In deze bijdrage wordt geen waardeoordeel geveld over de aanpak van de coronacrisis door de federale regering. Het zou evenwel van moedwillige blindheid getuigen niet stil te staan bij de reputatieschade die de Vlaamse liberalen de voorbije jaren opliepen als resultaat van deze aanpak. Avondklokken, verplaatsings- en samenscholingsverboden, politionele woonstbetredingen en coronapassen vormden grove inbreuken op de liberale grondwet. Dat de parlementaire democratie tijdens diezelfde periode aan de kant werd geschoven ten voordele van een besluitenregering, schoot bij ‘klassieke liberalen’ eveneens in het verkeerde keelgat.
Sociale welzijnsstaat
Bovenstaande verklaringen – coöptatie (1) en verzaking (2) – volstaan niet om de neergang van de Open VLD te verklaren.
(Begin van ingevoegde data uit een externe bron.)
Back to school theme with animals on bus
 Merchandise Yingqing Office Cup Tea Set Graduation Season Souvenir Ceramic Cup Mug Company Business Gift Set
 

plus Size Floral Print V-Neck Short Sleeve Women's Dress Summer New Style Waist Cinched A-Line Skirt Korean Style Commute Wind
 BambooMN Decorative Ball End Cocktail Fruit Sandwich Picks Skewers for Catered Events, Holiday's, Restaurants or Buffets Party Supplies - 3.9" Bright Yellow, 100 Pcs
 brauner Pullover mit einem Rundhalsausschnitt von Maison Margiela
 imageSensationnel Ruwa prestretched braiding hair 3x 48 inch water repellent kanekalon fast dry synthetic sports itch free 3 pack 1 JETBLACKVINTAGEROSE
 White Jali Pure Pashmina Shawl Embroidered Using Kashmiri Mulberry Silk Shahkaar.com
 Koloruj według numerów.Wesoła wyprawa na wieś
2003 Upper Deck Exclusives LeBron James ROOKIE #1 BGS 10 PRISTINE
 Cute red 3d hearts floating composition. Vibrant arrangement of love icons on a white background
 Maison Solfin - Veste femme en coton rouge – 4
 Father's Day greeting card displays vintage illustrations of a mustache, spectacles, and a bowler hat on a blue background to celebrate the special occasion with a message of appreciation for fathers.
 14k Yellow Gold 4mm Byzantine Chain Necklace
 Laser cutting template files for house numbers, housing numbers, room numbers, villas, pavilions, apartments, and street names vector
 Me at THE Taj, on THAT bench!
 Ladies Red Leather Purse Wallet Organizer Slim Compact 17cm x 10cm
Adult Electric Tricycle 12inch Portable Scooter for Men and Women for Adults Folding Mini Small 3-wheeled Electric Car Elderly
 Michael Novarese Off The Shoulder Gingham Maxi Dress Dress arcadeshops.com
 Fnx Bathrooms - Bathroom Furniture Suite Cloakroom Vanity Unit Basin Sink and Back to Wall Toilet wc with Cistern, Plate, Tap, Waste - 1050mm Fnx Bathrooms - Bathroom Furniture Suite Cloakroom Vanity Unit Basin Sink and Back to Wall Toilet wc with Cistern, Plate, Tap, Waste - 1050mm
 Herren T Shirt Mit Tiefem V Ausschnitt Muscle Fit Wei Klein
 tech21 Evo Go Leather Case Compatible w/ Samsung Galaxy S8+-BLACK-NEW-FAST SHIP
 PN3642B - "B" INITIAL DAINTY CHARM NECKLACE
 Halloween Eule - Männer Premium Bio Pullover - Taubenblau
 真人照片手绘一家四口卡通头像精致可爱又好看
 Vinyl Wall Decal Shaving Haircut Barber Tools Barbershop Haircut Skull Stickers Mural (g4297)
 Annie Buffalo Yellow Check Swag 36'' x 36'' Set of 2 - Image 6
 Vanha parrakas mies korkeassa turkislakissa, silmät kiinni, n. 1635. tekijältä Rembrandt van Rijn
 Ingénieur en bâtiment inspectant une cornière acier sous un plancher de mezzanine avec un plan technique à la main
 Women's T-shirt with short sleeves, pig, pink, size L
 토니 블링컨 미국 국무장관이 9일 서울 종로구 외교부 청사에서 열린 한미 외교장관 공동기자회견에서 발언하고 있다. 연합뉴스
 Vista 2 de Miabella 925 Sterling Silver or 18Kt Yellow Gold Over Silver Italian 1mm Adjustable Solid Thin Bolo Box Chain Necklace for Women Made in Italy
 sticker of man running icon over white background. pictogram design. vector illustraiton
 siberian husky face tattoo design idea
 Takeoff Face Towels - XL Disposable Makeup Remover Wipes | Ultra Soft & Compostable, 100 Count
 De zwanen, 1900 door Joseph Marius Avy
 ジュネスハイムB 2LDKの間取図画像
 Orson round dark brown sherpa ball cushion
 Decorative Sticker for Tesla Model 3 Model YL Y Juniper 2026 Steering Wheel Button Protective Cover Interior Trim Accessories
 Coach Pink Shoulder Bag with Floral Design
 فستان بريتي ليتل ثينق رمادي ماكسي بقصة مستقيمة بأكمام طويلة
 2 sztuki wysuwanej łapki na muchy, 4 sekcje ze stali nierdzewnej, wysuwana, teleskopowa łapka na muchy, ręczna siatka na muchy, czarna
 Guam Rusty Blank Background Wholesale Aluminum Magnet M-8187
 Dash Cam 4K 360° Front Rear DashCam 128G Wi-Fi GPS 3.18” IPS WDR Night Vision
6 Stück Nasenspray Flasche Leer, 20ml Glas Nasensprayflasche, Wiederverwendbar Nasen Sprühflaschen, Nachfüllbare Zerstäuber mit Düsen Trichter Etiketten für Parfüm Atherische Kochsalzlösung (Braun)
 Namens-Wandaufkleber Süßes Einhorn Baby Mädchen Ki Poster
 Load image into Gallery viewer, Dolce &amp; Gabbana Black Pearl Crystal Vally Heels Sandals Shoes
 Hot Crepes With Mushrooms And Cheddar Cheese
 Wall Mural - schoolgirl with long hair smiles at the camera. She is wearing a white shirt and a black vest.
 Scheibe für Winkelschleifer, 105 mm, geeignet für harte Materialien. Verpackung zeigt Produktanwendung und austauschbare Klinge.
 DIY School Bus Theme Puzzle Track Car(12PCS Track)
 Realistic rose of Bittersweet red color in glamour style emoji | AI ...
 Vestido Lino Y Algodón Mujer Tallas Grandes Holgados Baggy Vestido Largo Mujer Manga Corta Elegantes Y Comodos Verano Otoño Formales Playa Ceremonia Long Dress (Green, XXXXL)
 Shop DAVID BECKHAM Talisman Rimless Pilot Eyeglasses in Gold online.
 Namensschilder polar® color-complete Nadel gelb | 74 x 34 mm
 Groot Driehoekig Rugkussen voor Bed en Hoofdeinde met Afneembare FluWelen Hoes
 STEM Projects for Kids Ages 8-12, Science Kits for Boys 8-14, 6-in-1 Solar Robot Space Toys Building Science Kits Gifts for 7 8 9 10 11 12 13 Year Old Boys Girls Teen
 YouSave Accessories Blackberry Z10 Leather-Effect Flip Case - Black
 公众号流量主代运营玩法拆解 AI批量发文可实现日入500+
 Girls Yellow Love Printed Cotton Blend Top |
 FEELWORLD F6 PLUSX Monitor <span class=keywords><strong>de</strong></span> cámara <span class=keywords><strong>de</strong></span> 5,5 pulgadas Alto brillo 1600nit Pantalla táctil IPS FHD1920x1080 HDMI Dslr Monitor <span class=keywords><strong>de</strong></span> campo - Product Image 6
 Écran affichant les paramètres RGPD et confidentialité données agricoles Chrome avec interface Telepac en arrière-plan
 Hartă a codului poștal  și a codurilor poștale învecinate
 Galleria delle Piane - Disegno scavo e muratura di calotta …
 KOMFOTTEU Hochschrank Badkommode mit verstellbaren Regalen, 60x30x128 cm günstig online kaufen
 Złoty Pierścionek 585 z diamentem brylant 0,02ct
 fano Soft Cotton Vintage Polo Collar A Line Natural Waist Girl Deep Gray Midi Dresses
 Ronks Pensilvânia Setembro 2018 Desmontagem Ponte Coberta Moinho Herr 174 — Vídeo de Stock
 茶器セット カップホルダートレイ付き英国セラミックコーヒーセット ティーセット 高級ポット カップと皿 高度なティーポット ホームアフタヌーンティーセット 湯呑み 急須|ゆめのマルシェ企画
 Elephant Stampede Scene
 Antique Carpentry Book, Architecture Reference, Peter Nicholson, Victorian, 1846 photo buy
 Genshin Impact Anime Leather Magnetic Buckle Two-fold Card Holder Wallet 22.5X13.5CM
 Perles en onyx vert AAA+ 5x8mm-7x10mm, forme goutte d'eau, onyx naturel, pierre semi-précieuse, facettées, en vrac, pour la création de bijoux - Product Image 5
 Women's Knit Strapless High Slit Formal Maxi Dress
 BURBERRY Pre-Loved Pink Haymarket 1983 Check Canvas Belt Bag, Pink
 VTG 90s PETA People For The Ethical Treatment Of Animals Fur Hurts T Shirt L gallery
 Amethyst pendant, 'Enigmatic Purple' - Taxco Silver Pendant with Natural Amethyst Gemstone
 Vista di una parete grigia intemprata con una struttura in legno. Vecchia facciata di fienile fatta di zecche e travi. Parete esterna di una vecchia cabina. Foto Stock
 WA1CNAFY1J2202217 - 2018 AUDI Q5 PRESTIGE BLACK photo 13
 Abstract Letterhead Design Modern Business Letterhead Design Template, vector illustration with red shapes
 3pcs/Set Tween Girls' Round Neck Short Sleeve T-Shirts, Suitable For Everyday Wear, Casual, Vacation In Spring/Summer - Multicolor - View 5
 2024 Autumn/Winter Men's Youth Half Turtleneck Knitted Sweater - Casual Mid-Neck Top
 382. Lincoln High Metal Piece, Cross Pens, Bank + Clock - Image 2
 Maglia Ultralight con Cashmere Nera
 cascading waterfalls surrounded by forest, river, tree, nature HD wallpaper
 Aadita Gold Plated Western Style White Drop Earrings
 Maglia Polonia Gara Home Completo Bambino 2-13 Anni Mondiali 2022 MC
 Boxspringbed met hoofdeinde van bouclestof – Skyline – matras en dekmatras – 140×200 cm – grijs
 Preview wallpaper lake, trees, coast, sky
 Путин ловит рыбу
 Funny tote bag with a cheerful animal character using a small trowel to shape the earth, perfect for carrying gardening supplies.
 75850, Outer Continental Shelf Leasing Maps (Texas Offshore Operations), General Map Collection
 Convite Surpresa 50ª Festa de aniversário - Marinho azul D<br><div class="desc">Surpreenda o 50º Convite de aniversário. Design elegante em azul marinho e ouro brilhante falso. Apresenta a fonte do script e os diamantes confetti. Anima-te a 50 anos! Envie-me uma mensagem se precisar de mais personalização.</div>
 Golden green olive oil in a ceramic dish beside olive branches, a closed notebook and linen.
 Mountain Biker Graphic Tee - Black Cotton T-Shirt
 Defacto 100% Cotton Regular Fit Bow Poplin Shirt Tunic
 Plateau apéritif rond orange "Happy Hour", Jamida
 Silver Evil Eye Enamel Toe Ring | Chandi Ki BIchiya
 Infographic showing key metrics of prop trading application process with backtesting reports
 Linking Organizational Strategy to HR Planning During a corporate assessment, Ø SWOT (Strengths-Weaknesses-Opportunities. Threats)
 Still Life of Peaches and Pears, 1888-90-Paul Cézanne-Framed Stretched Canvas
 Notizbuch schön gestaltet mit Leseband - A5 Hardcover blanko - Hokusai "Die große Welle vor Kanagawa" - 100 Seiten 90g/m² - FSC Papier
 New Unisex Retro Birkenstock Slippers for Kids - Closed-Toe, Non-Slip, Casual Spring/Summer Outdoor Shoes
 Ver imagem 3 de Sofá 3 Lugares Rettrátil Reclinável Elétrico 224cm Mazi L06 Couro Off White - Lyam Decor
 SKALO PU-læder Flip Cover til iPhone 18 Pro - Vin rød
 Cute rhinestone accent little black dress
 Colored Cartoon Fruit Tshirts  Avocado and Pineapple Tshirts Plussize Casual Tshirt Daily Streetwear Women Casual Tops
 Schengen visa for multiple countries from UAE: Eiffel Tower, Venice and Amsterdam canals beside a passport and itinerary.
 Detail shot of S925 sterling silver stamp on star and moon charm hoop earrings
Ze zijn niet onbelangrijk, maar moeten begrepen worden als versterker voor het structureel probleem waarmee het liberalisme geconfronteerd wordt: de verstaatsing van de Belgische samenleving.
Het einde van de Tweede Wereldoorlog was het startschot van een aan een ijltempo groeiende consensus dat ‘de overheid’ een centrale rol diende te spelen in de nationale welvaartscreatie. De liberale laissez-faire-staat werd ingeruild voor een sociale welvaartstaat, die op zijn beurt ingeruild werd voor de sociale welzijnsstaat. De Belgische overheden financieren het (hoger) onderwijs van haar jonge burgers, organiseren of subsidiëren cultuur en recreatie en ondersteunen via sociale bijstand, verzekeringen en dienstverlening hun gezinnen, zieken, werklozen en gepensioneerden.
Ingeburgerd, verloochend en verworpen
Een kostelijke affaire die liberale hervormers denken te kunnen benutten. De hoge belastingen en oplopende staatschuld vragen om een ‘ontvetting’ van de Belgische Staat en een opwaardering van de private marktwerking. Dat opent de deur voor een mooie lastenverlaging. Een minder gevulde schatkist betekent echter ook dat de staatsuitgaven onder controle moeten worden gebracht. Realistisch is dit maar mogelijk door te snijden in de sociale zekerheid en/of het onderwijs. De Senaat afschaffen is ‘laaghangend fruit’, maar een slanke overheid levert het niet op.
Het economisch liberalisme is de laatste troef van de Open VLD, maar slechts weinigen lijken te hopen dat de partij ze uitspeelt. Iedere Vlaming wil meer netto overhouden aan het einde van de maand, maar slechts weinigen lijken bereid de sociale welzijnsstaat ervoor uit te hollen. Hun liefde voor – of toch koele beminning van – overheidsbescherming is groter dan hun afkeer van overheidsbelasting.
Kortom: het liberale gedachtegoed is ingeburgerd (1), werd verloochend (2) of wordt verworpen (3). En geen personeelswissel of stijlbreuk brengt daar voor 2024 verandering in.